Twelve pieces by Philip Glass

Music in Twelve Parts is a set of twelve pieces written between 1971 and 1974 by the composer Philip Glass.

This work cycle was originally scored for ten instruments, played by five musicians:
three electric organs, two flutes, four saxophones (two soprano, one alto, one tenor) and one female voice. Only the organ can be heard throughout; the other instruments are not playing simultaneously the whole time. Only one piece was originally written, which was called "Music in Twelve Parts" because it was originally intended to have twelve lines of counterpoint harmony, but when Glass played it to a friend, she asked him what the other eleven parts would be like. He found the misunderstanding interesting, and wrote another eleven parts over a period of three years. The entire set can be over three hours long when performed. In these works, Glass uses repetitive structures often associated with musical minimalism. Despite this, many of the works display a great deal of variety and invention. The music develops slowly, and there are long periods during which a casual listener would not notice any change. If one listens closely, however, this is seen to be an illusion, since patterns actually change form almost continuously, though nearly imperceptibly. The pieces are therefore challenging to the listener, but they have still enjoyed a significant level of popularity and are often cited as a major work of the second half of the 20th century. The works show a great emphasis on development and slow alteration, with different pieces using different techniques for development.

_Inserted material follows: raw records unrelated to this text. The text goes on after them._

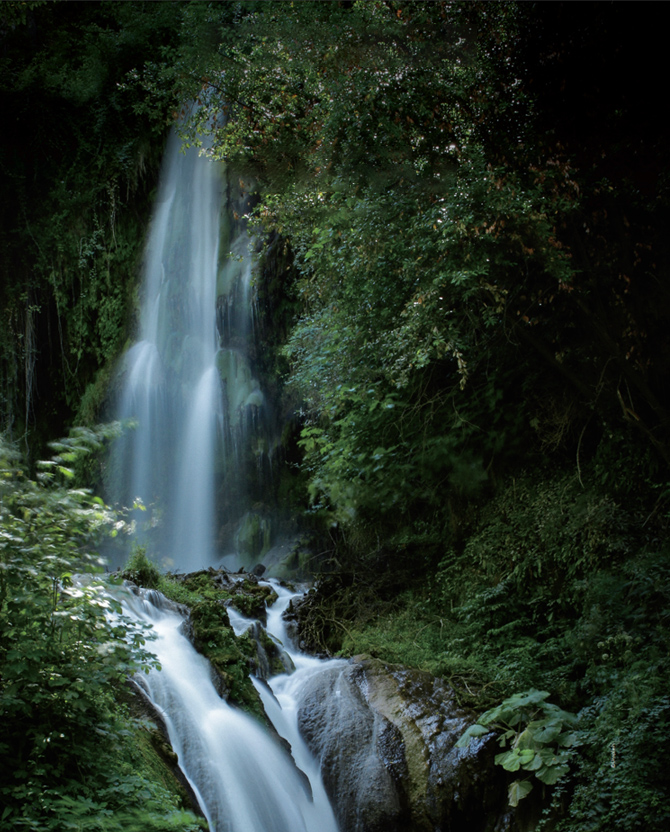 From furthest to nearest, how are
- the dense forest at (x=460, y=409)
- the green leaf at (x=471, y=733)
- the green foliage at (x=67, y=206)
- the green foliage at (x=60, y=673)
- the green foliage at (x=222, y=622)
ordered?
the green foliage at (x=67, y=206)
the green foliage at (x=222, y=622)
the green leaf at (x=471, y=733)
the dense forest at (x=460, y=409)
the green foliage at (x=60, y=673)

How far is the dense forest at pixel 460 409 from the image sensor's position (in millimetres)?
3385

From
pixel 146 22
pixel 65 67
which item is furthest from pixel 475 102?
pixel 65 67

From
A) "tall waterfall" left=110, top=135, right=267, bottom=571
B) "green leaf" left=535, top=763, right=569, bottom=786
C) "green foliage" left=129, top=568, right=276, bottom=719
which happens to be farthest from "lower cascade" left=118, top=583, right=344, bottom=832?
"tall waterfall" left=110, top=135, right=267, bottom=571

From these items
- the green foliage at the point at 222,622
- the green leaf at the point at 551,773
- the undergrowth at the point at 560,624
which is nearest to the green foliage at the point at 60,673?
the green foliage at the point at 222,622

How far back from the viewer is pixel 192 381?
15.3 metres

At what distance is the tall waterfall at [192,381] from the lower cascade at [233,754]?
27.7ft

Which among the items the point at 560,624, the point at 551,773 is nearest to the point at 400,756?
the point at 551,773

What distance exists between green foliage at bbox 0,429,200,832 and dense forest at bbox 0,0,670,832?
2cm

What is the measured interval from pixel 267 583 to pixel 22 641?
20.6 feet

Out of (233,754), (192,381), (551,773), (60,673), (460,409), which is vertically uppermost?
(192,381)

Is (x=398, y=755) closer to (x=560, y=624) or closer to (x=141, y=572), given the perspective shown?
(x=560, y=624)

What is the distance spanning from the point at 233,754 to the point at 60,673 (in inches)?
74.2

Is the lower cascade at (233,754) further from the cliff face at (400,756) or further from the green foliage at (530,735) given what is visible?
the green foliage at (530,735)

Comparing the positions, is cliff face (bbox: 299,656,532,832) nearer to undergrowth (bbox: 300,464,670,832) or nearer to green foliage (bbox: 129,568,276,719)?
undergrowth (bbox: 300,464,670,832) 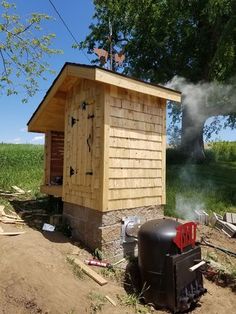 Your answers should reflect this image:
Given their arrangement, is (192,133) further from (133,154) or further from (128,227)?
(128,227)

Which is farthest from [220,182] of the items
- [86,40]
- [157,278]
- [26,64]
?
[86,40]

Andrew Porter for The New Yorker magazine (1978) wrote of the transitions from one track to the next:

A new sound and a new chord suddenly break in, with an effect as if one wall of a room has suddenly disappeared, to reveal a completely new view.

Glass uses a 12-tone row in Part 12 of this work.

==Recording/performance history==
The work has been recorded three times: first for Virgin (1974 (vinyl) 1990 (complete recording on CD, completed 1988)), later for Nonesuch in 1993, and for Orange Mountain Music in 2007.

On Monday 1 May 2017, the work was performed at the Barbican Hall in London, England, UK, by a group of musicians assembled and led by keyboard player James McVinnie, the first time the work had been performed live other than by the Philip Glass Ensemble.